The New York State Education Department first calculated VAM scores for teachers on the basis of these mean growth percentile scores for the 2011–12 school year. Although many teachers across the state, including those in New York City, received these scores, the scores didn't have consequences that year because the statewide implementation of the new evaluation process—termed Annual Professional Performance Review—didn't begin until the 2012–13 school year. Implementation in New York City was delayed an additional year (until 2013–14), because it took that long for the school district and teachers union to agree on an evaluation system.
Under the Annual Professional Performance Review system, each teacher receives a summary evaluation based on state-approved and local measures of student performance (including the teacher's VAM score), classroom observations, and other measures. The score categories for this summary evaluation are Highly Effective, Effective, Developing, and Ineffective. Teachers who receive a summary rating of Ineffective for two consecutive years are subject to an expedited dismissal process.
Although the 2012–13 school year was the first time VAMs had been used in formal evaluations, they weren't new to New York City teachers. Beginning in the 2007–08 academic year, the city's Department of Education produced Teacher Data Reports, which ranked teachers using a value-added model that generated a percentile ranking (roughly interpretable as the percentage of teachers whose contributions to their students' performance on the state tests were below that of the given teacher).
After a protracted debate in the courts, the New York City Department of Education released to newspapers and other news outlets the 2007–2010 Teacher Data Reports for approximately 18,000 teachers. Most of these media outlets published lists of individual teachers and their scores. Some teachers were anointed the worst teachers in the district, and pilloried in the media (Hancock, 2012). These reports weren't used for high-stakes individual evaluations, but their publication left teachers feeling vulnerable.
Reactions to VAM Scores at a High-Achieving School
The Frank Lloyd Wright School, the site of our study, is a large elementary school that mainly serves white, affluent students. Most students perform at or above grade level, and one teacher noted that "the kids come to school engaged and excited to learn." Wright parents are deeply involved in the school and their children's schoolwork, and the school's PTA ensures that teachers have all the resources they need.

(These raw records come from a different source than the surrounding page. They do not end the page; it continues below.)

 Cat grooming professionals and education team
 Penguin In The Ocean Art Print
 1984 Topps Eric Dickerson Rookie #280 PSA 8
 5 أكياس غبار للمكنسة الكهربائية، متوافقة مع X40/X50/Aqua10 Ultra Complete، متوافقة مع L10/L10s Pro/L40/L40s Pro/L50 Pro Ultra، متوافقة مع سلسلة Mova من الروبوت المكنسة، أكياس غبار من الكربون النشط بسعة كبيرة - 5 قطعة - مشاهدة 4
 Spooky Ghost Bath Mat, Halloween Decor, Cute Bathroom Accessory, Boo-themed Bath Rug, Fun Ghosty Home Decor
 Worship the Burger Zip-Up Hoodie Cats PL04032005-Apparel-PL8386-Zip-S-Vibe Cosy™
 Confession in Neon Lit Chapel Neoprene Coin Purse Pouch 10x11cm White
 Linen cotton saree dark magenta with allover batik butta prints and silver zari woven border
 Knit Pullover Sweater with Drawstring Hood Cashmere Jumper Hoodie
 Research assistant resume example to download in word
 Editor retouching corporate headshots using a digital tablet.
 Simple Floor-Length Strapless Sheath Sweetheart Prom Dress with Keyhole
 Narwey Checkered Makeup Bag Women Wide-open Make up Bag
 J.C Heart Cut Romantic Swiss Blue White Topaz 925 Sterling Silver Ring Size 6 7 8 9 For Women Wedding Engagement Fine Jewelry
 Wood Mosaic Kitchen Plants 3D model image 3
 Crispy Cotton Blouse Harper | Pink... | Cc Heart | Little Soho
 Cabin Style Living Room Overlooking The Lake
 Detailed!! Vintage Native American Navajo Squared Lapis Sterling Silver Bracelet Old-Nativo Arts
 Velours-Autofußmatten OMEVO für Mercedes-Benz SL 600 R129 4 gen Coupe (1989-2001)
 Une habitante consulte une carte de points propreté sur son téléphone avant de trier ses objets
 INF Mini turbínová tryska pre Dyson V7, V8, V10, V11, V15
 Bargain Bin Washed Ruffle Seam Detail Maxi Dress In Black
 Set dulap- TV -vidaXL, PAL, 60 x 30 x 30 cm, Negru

Teachers uniformly reported that Wright "is a family" and that they were happy teaching at the school. Many contrasted their experience at Wright with less positive experiences teaching in other schools. Teachers viewed their colleagues as highly collaborative and supportive of one another. They noted that they planned lessons with colleagues and shared materials and lesson plans in a Dropbox so everyone could access them. These teachers believed that their principal set the tone for the school and their relationships with one another. Teachers reported that they trusted the principal and valued her instructional leadership skills and her educational vision. They felt that she shared decision-making authority with teachers and that it was safe to "speak up."
A Lack of Legitimacy
These teachers placed little importance on their VAM scores. For one thing, they believed that the tests on which VAMs are based lacked legitimacy as measures of students' (and teachers') performance. The educators at Frank Lloyd Wright had a strong shared vision of good educational practice which valued students being actively engaged in learning and having authentic experiences with content. The school did little test preparation, and teachers reported that they would be frowned upon if they spent classtime this way.
Teachers overwhelmingly felt that the New York state tests were not a good measure of the kind of learning they were trying to advance. In some cases, they noted that these tests directly opposed what they were trying to teach students. Rebecca provided an example of such a conflict with the English language arts tests, which were aligned with the Common Core standards. Test items frequently required students to read a short story and respond to a series of questions about the story. A question might ask a student to describe why the setting is important to the story and to provide two details from the story to support that response. Rebecca felt that superficial tasks like this overshadowed the quality of students' writing. She noted, "I feel like everything we've taught them about good reading and writing, when they take the test, we're telling them not to do that. It's very frustrating."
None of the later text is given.